## AVAILABLE RECORDS

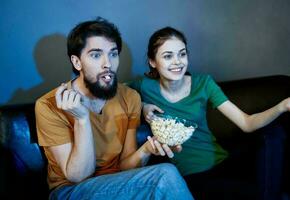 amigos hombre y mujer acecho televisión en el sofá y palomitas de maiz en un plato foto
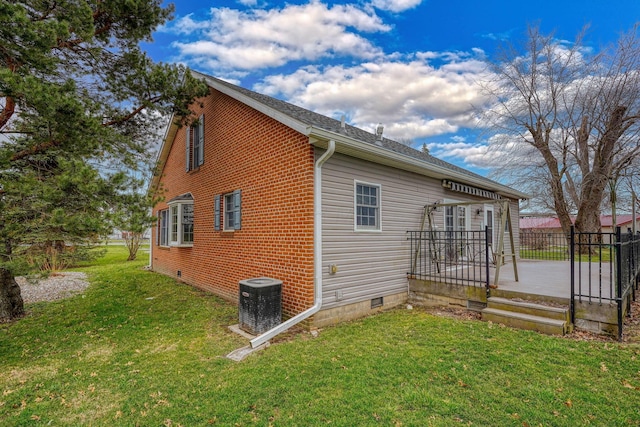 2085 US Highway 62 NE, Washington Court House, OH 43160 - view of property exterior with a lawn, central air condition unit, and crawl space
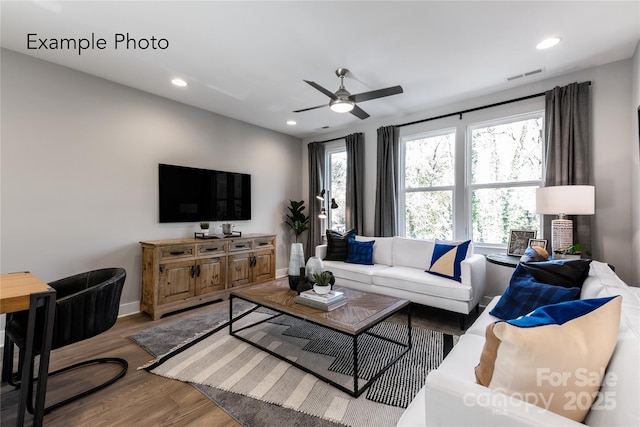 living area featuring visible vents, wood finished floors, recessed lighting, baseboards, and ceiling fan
...
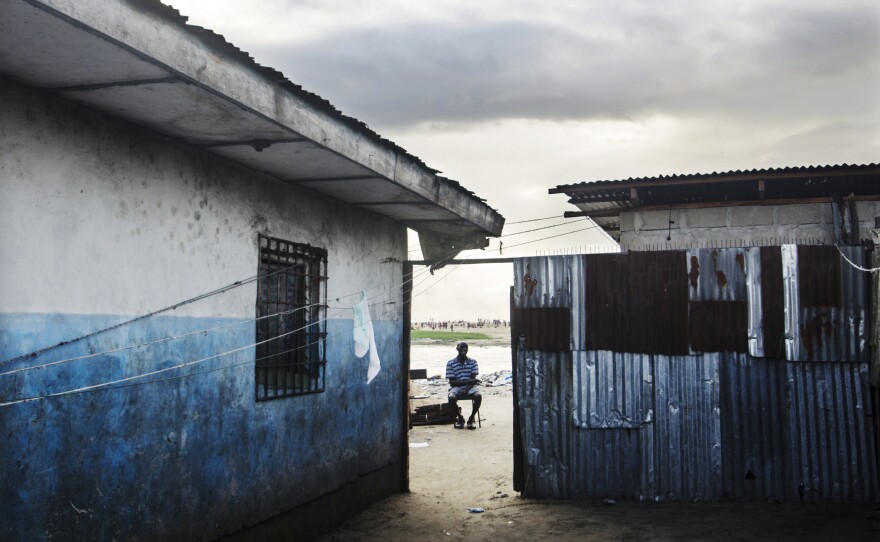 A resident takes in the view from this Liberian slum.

## ACTION ITEM
Set down word for word the lines above from the one with "amigos hombre y" up to and including the one with "living area featuring". Omit every picture.

## TASK SOLUTION
 amigos hombre y mujer acecho televisión en el sofá y palomitas de maiz en un plato foto
 2085 US Highway 62 NE, Washington Court House, OH 43160 - view of property exterior with a lawn, central air condition unit, and crawl space
 living area featuring visible vents, wood finished floors, recessed lighting, baseboards, and ceiling fan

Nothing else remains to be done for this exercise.